> [Brief]: The expected output is every line of the data exactly as shown, minus the images.

> [Given data]:
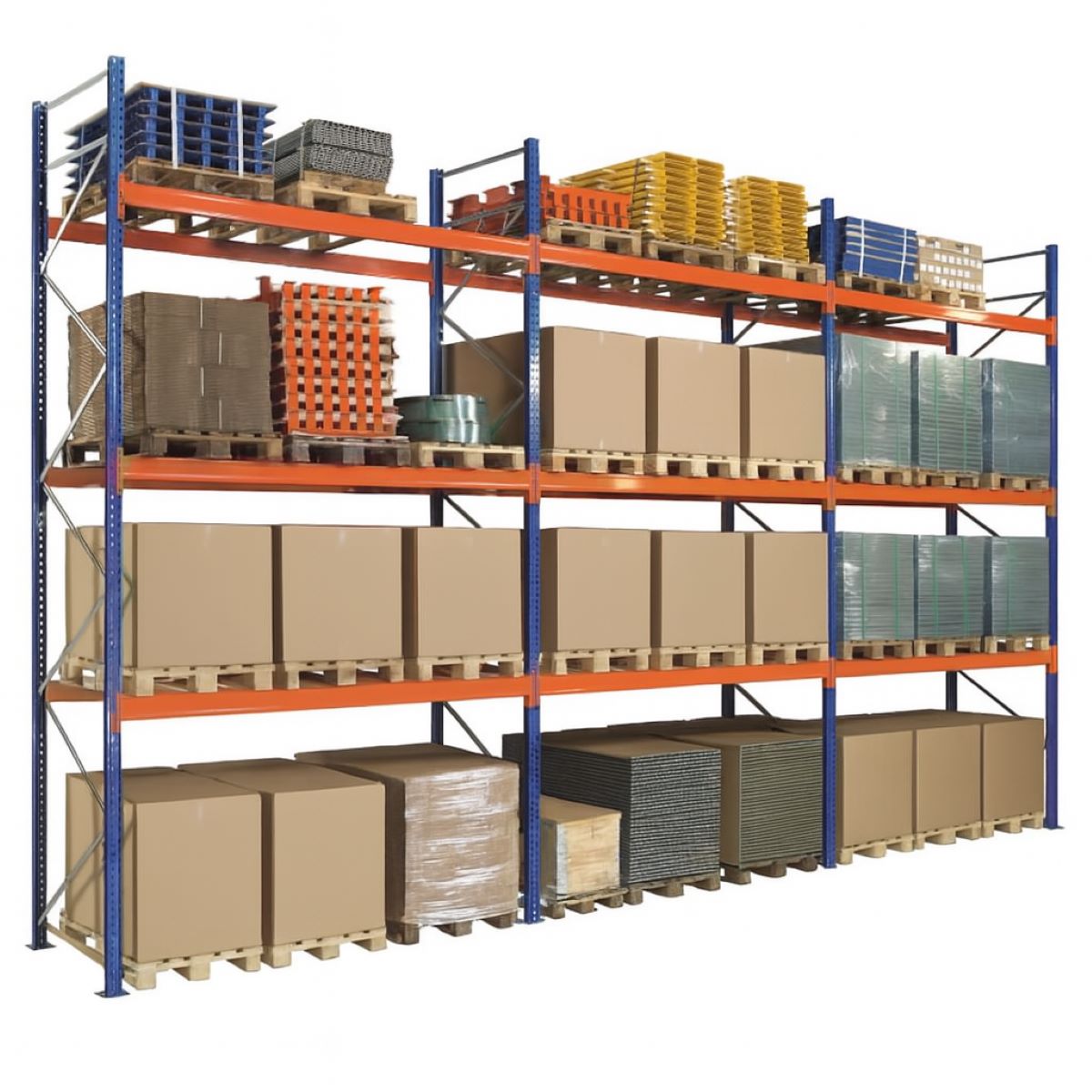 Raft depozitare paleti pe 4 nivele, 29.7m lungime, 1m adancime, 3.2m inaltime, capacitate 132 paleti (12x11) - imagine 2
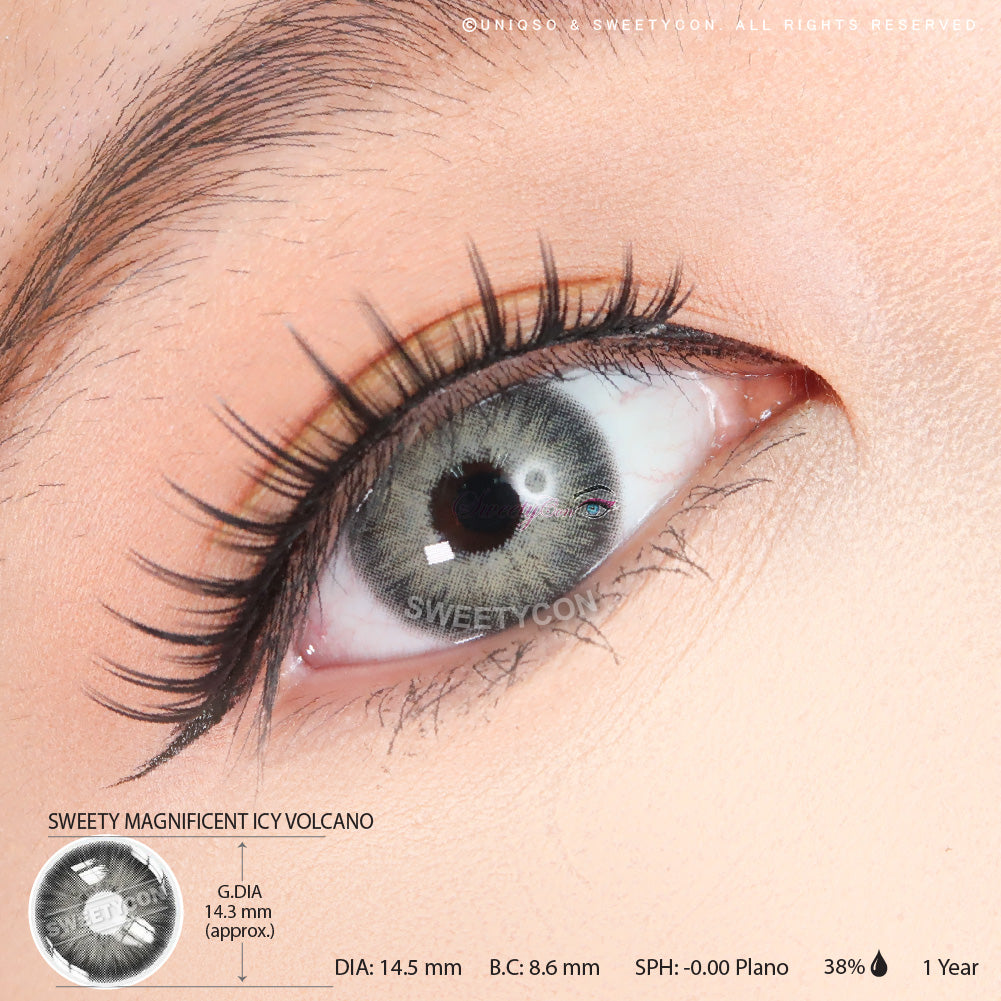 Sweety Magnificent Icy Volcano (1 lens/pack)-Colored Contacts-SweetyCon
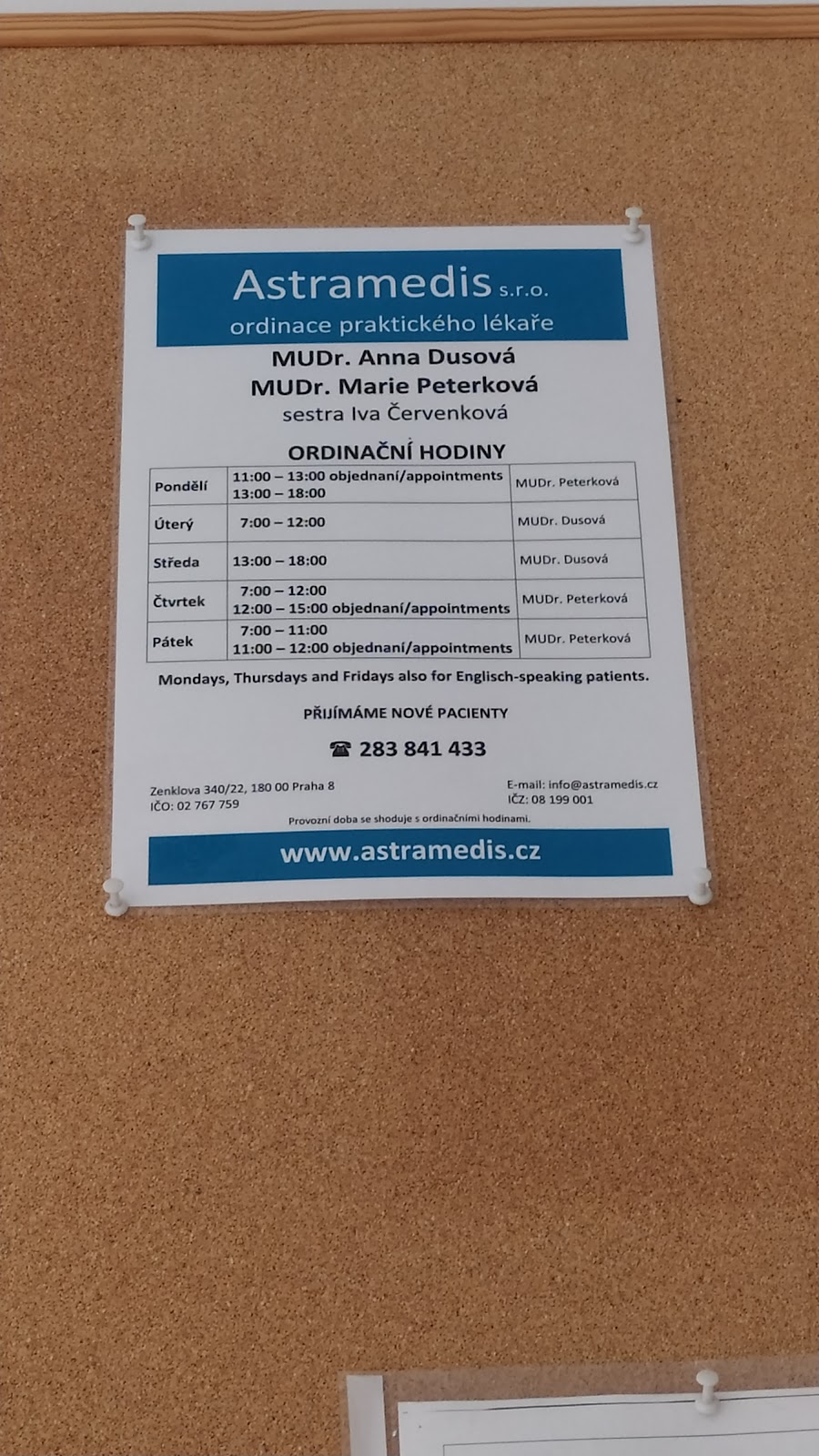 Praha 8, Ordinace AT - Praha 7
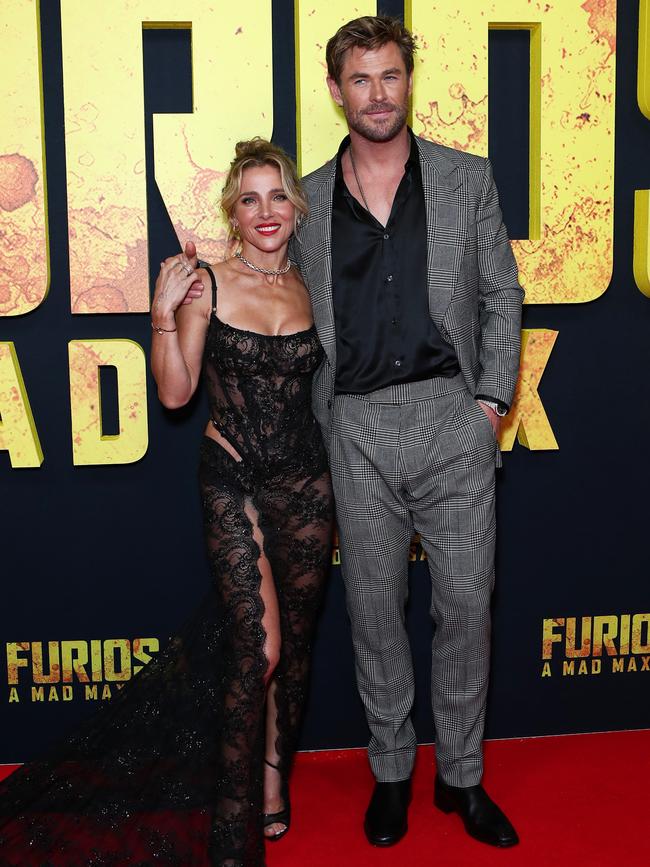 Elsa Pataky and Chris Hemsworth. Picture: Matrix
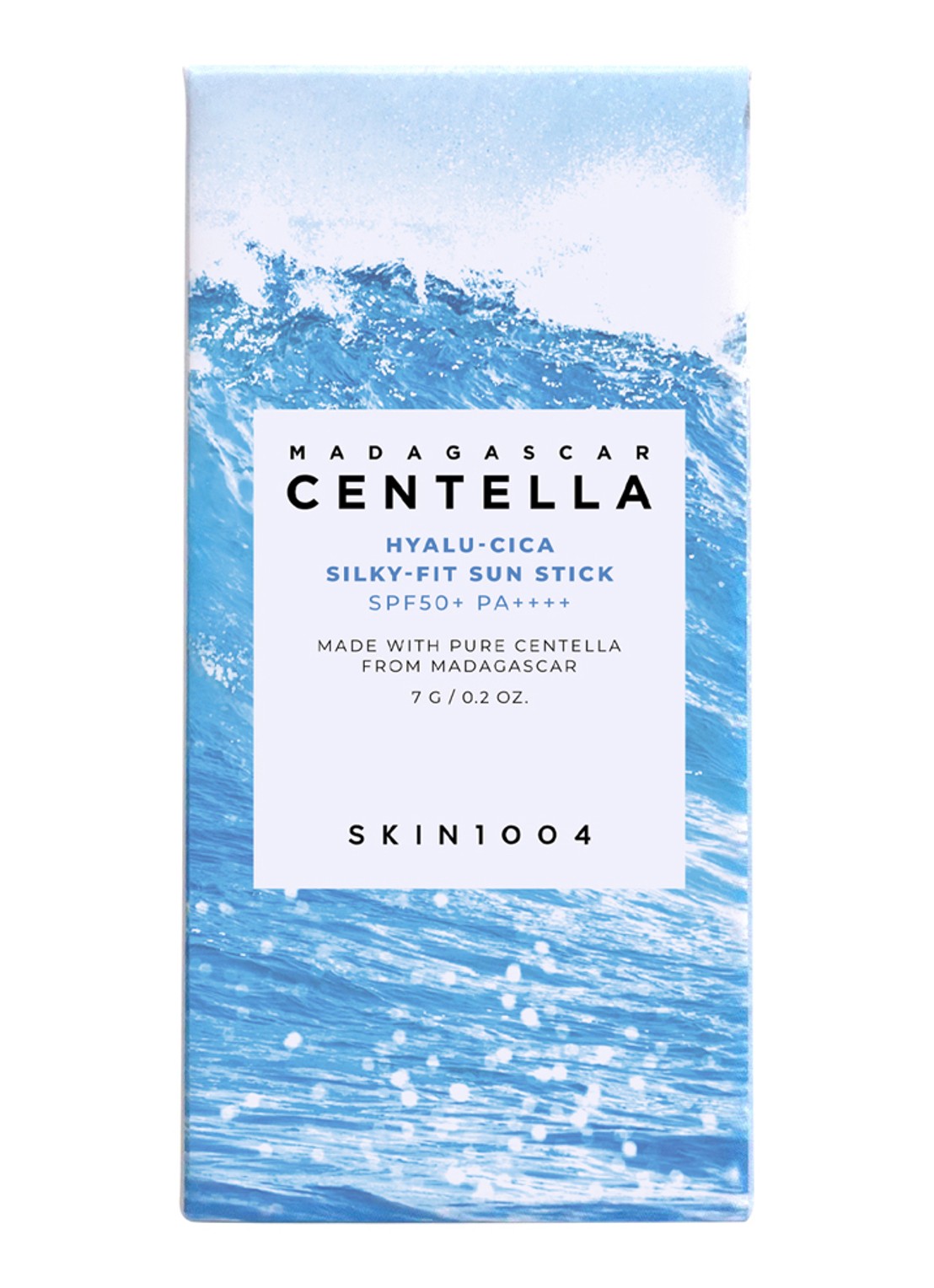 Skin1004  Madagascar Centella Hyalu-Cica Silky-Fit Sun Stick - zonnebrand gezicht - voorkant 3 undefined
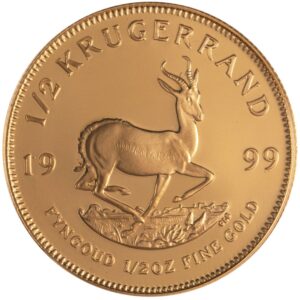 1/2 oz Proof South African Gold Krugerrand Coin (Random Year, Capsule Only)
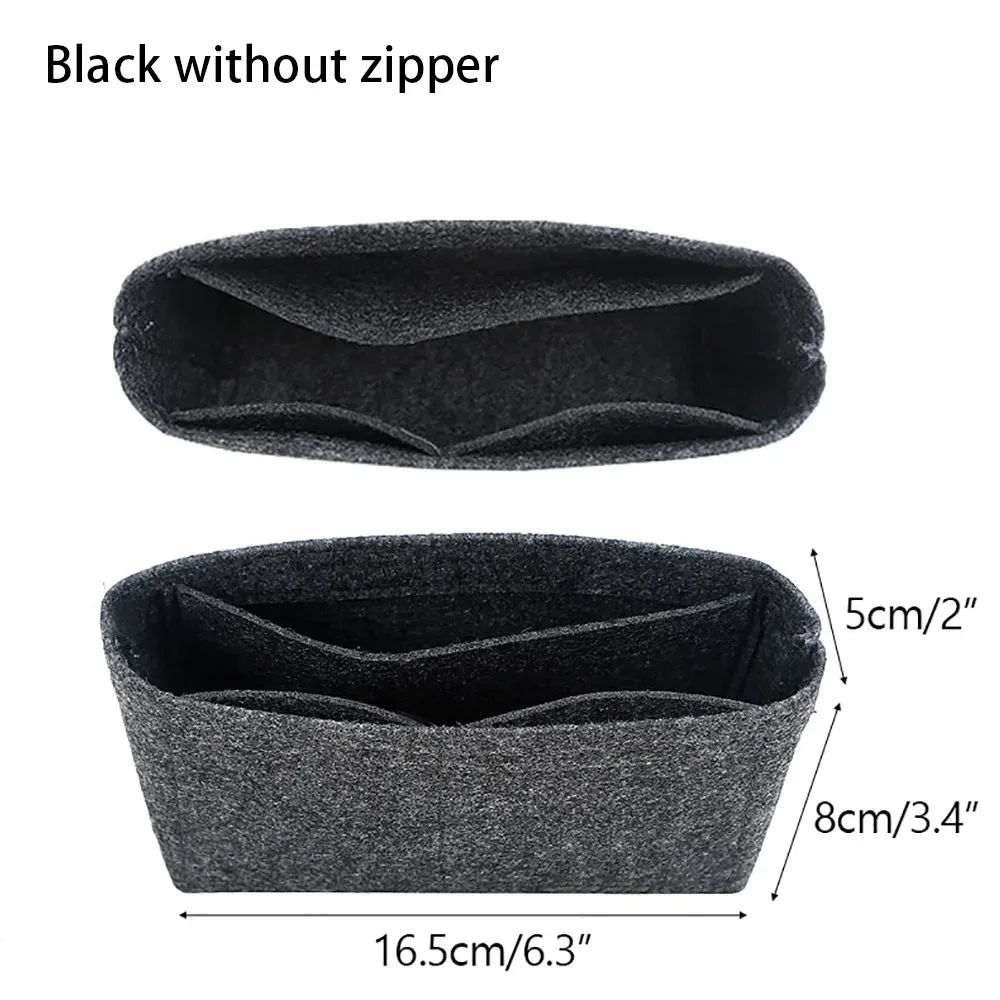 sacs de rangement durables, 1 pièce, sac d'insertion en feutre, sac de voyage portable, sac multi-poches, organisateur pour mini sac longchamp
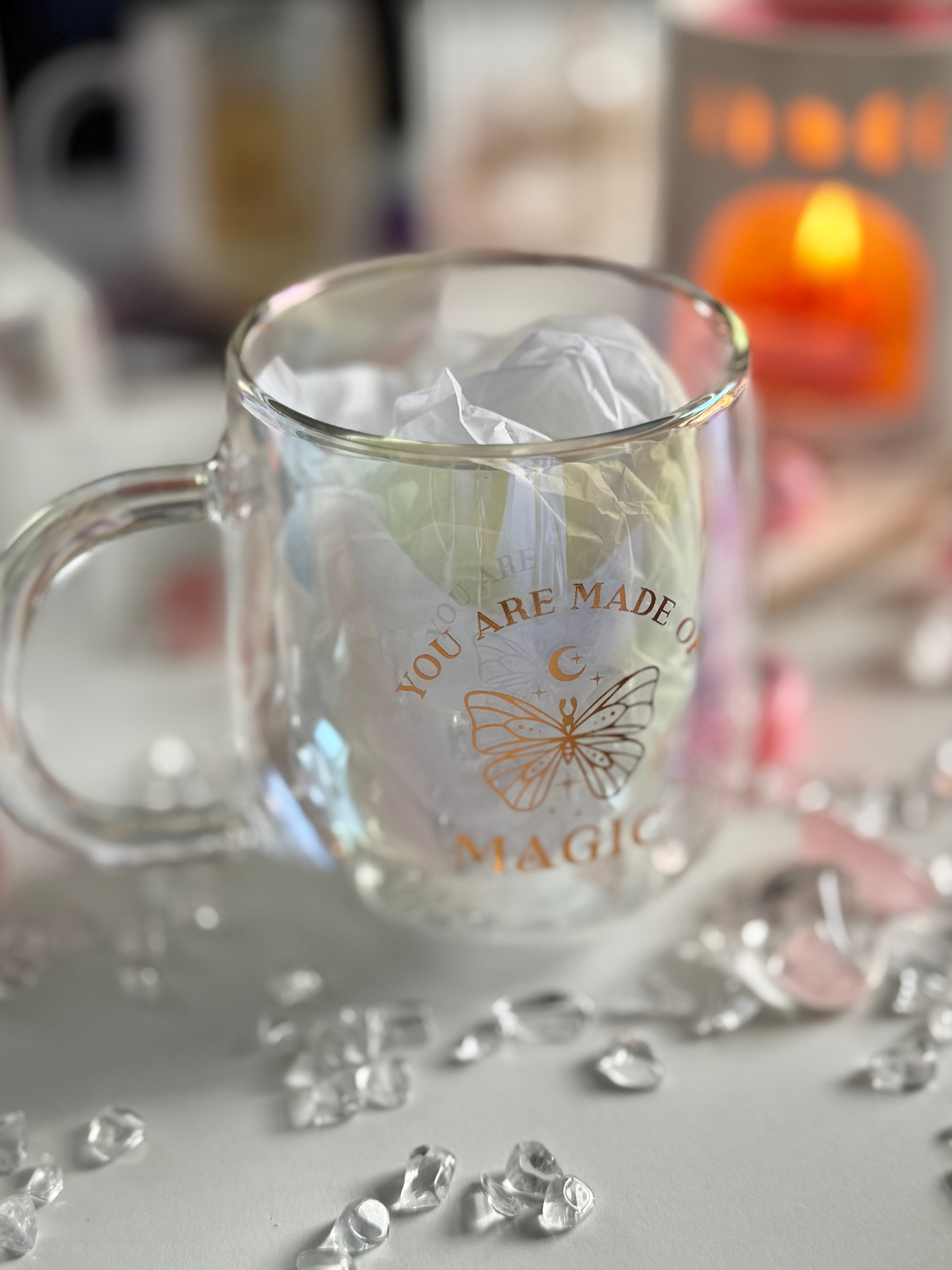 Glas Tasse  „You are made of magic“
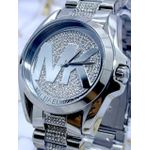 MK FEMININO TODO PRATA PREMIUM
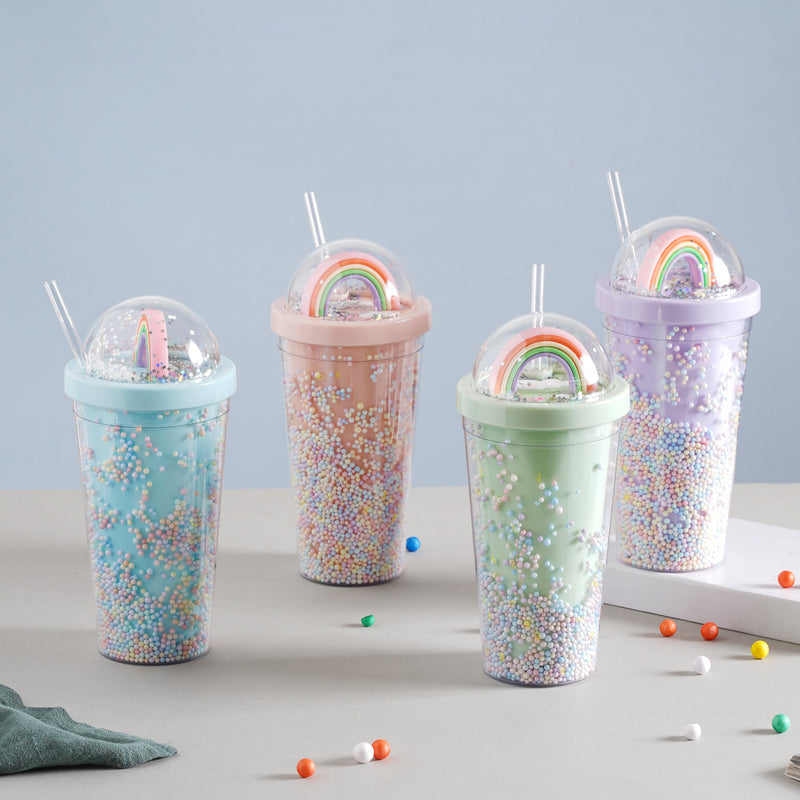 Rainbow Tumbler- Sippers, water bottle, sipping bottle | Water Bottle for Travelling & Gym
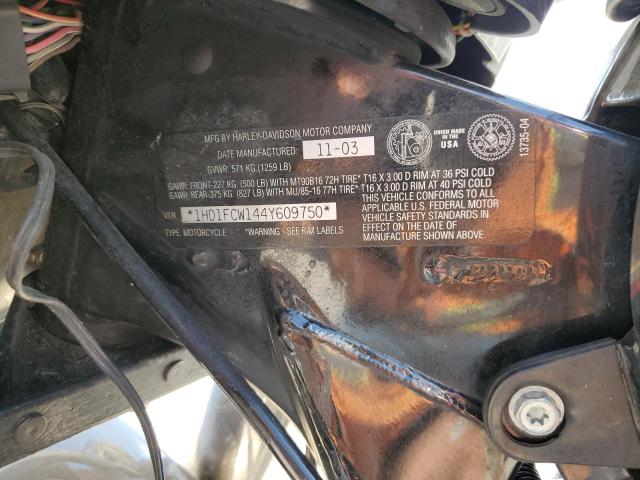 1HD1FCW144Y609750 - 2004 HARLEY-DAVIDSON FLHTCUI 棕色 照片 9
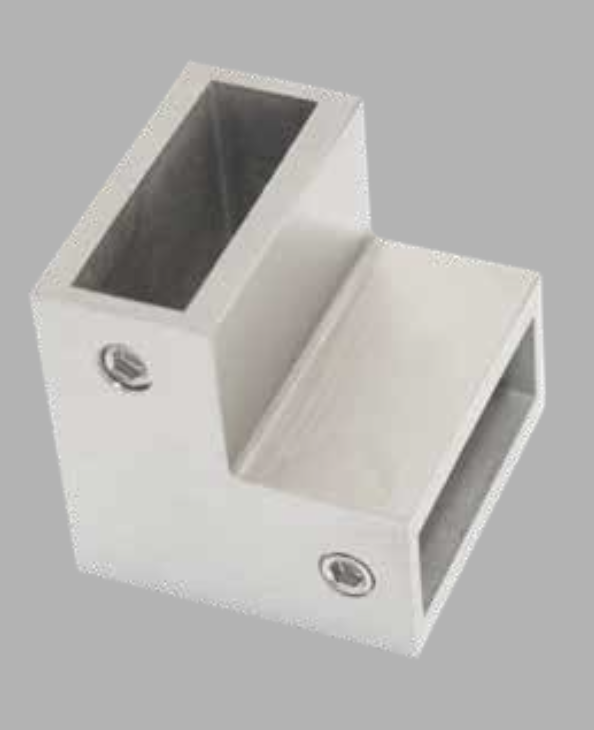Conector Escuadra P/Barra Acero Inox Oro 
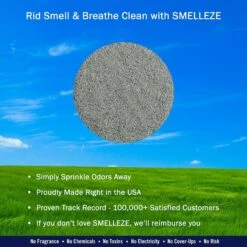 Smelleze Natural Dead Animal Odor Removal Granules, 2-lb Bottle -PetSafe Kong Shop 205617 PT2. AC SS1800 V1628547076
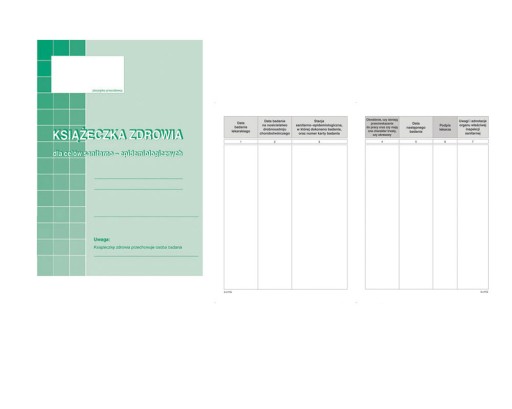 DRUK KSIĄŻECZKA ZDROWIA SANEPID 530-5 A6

> [Answer for this exercise]:
 Raft depozitare paleti pe 4 nivele, 29.7m lungime, 1m adancime, 3.2m inaltime, capacitate 132 paleti (12x11) - imagine 2
 Sweety Magnificent Icy Volcano (1 lens/pack)-Colored Contacts-SweetyCon
 Praha 8, Ordinace AT - Praha 7
 Elsa Pataky and Chris Hemsworth. Picture: Matrix
 Skin1004  Madagascar Centella Hyalu-Cica Silky-Fit Sun Stick - zonnebrand gezicht - voorkant 3 undefined
 1/2 oz Proof South African Gold Krugerrand Coin (Random Year, Capsule Only)
 sacs de rangement durables, 1 pièce, sac d'insertion en feutre, sac de voyage portable, sac multi-poches, organisateur pour mini sac longchamp
 Glas Tasse  „You are made of magic“
 MK FEMININO TODO PRATA PREMIUM
 Rainbow Tumbler- Sippers, water bottle, sipping bottle | Water Bottle for Travelling & Gym
 1HD1FCW144Y609750 - 2004 HARLEY-DAVIDSON FLHTCUI 棕色 照片 9
Conector Escuadra P/Barra Acero Inox Oro 
 Smelleze Natural Dead Animal Odor Removal Granules, 2-lb Bottle -PetSafe Kong Shop 205617 PT2. AC SS1800 V1628547076
 DRUK KSIĄŻECZKA ZDROWIA SANEPID 530-5 A6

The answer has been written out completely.